I glide past a little blonde girl standing up in the back of a shopping cart. She’s probably 4 years old. My eyes transition from her blue eyes to the guy I assume is the father. He’s grabbing milk a few feet away. He’s not even watching his daughter, standing up in a shopping cart.
Once when I was at Target, I saw a child tip over in a shopping cart. And so I imagine this little girl reaching up for some colorful bag of candy and the cart tipping over with her in it. I hear her scream. I hear the horrible crash of metal on linoleum and limbs. Her head smashing through the displays of cans. The absentee father rushing over as I stare in a horror.
“Excuse me,” the man says and brushes past me to push his cart away.
She’s okay. The cart hasn’t moved and neither has she. I blink away the horrendous vision and my eyes land on a brown jar of Cookie Butter.
The jar is smooth in my cold hand. A smile spreads across my face as I nestle the jar between our organic vegetables and almond milk. My secret. Chad wants us to eat healthy all the time. And most of the time I do. But sometimes I just can’t help myself. I like having secrets.
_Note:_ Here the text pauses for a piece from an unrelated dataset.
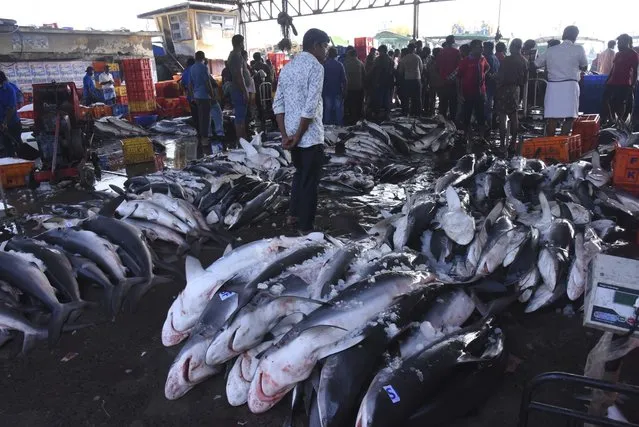 Different kinds of shark and fish are displayed for sale on March 3, 2023, in Kochi, Kerala state, India. The India Meteorological Department as well as the state of Kerala have increased infrastructure for cyclone warnings since Cyclone Ockhi in 2017, which killed about 245 fishermen out at sea. (Photo by Satheesh AS/AP Photo)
I used to be bulimic. For 10 years off and on, mostly on. But I stopped cold turkey when I almost died of a probably unrelated blood clot when I was 24 years old. 12 Years ago.
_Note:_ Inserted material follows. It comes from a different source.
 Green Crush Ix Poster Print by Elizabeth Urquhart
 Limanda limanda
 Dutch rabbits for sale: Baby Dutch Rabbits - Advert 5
Wow. I hate throwing up. When I stopped purging, I was finally able to tell people, “no” and stand up for myself. It was like a people-pleasing switch inside me had been turned from on to off. Now I say “no” all the time.
I do the same thing with books and information. Chad was furious when he found out how much I spent on business and self development courses, something else to binge on.
The scent of ink on paper gives me such a rush. I cannot put a book down until every last page has been read. No matter how long the book is. No matter how much my eyes burn, I have this horrible sense of anxiety until I’ve consumed it all.
When I’ve read the last sentence on the last page, I feel a little bit sad. Until it starts again with a new book.
I read over 600 pages in the last 2 days. I read after Chad goes to bed. I have to binge on something. But I won’t take anymore courses...at least not ones that we have to pay for.
I’ve come full circle. In college I had this secret ambition to be a writer. And so I wrote, blogged, self-published, guest blogged and so on. Even when I was working two jobs and going to school, I always wrote.
Even when I was doing bridal makeup and performing at Casinos and sending out handmade hula hoops and wearing all the hats in my business, I wrote.
Now after a book binge, my fingers purge words upon a screen. They march like little soldiers taking orders from my brain.
I won’t allow myself to stop until I feel that beautiful emptiness.